The Vacuum Cleaner
A History

Carroll Gantz
(MaFarland & Co.)
There was the Dundley Pneumatic Sweeper and the Kotten Vacuum Cleaner and the Busy Bee and the Allen manual vacuum that looked like they just got shipped in from Mars. Too, there was the Success and the Skinner Invincible which seemed to invite comparison with a Skil-Saw. There was the Whirlwind and the Leasure which appears to be a mini-combine straight from the corn-fields, complete with little spikey wheels.

Then there's the Marvel and an early Hoover which would give a hernia to anyone trying to operate it. Of course, it was Hoover that ended up at the top of the heap and once you get a gander at the steely-eyed faces of the characters at Hoover, Inc., like "Boss" Hoover or H. W. Hoover, Sr., you can figure out why.

Gantz is more than thorough ... taking us all the way back to hand-pushed carpet sweepers and brooms: the splinter broom and the Sorghum which was sweet and the twig broom, also known as the "Besom," "I will sweep it with the besoms of destruction," (Isaiah 14:23). She notes that in an official Popular Mechanics article on "101 Gadgets that Changed the World," the vacuum cleaner came in eighteenth in a list constructed by "leading technology authorities," appearing somewhat after radio, tv, and the lighbulb.

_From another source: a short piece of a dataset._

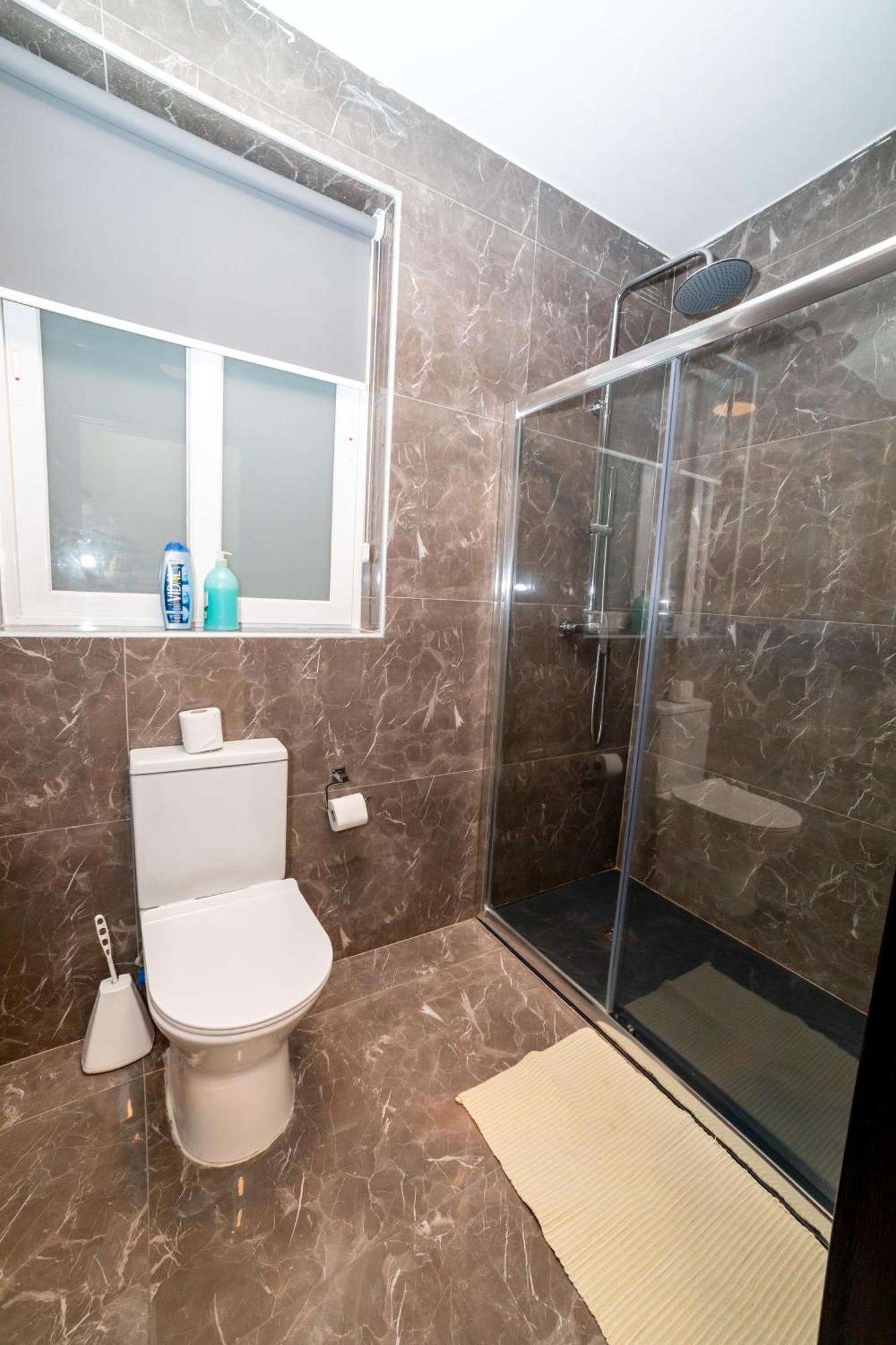 New 3 Bedroom Apartment A1 خليج سانت بول المظهر الخارجي الصورة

The coming of the small electric motor a hundred and fifty years ago ushered in the Golden Age of vacuum cleaners, and names like D. T. Kenney and Hubert Cecil Booth were the holders of major patents ... although my favorite in the engineering department was a D. G. Smellie who designed "beater bars" for the Hoover, whatever those may be. Smellie!

Some readers may come to be impatient with a listing of the exact number of models put out by Hoover, although they do include the Handivac, the Floor Mate, the Hygienisac, the Wind Tunnel Bagless, and even one that may have popped up in the pages of Playboy Magazine, the "Friction Drive Baby."

But it's not all lists and changes in belt drive systems in this book. The pictures, some 200 in number, are a joy, bring back some memories for those of us who grew up years before the DustBuster came on the scene. On page 124 is a photograph of the "Kenmore Commander Bullet Model 116." I remember it well: we had one and it looked just like a spaceship, and I could disconnect all the hoses and crank it up, hang on, and we'd be flying, me and the Kenmore, off to outer space, with a real motor that blew out real hot air (and smelly dust) to take me to the fringe of the universe.

One might think that a 206 page book on such a wheezy industrial concept as the vacuum cleaner might be considered overkill, especially where the author manages to bring in such unlikely characters as Vincent Van Gogh (the 1913 International Exhibition in New York), Blaise Pascal (proof of the existence of the vacuum), and Monty Python (something to do with an English vacuum called "The Henry." which is, apparently, extremely hilarious to people from that sceptred isle.)

There are of course, as always, the sales pitches. Those guys at the door with a Hoover in hand. The gimmicks to make you buy (dust was said to be extremely dangerous to your health). And we are allowed to attend the first Hoover International Convention in 1921 when all the sales people rose to intone "The Hoover Song," sung to the tune of the hoary WWI air "The Field Artillery March,"

    All the dirt, all the grit,
    Hoover gets it, every bit,
    For it beats, as it sweeps, as it cleans.
    It deserves all its fame,
    As it backs up every claim,
    For it beats, as it sweeps, as it cleans.
    Oh, it's Hi, Hi, Hee!
    The kinds of dirt are three.
    We'll tell the world just what it means,
    Bing! Bing! Bing!
    Spring or Fall, the Hoover gets them all.
    For it beats, as it sweeps, as it cleans.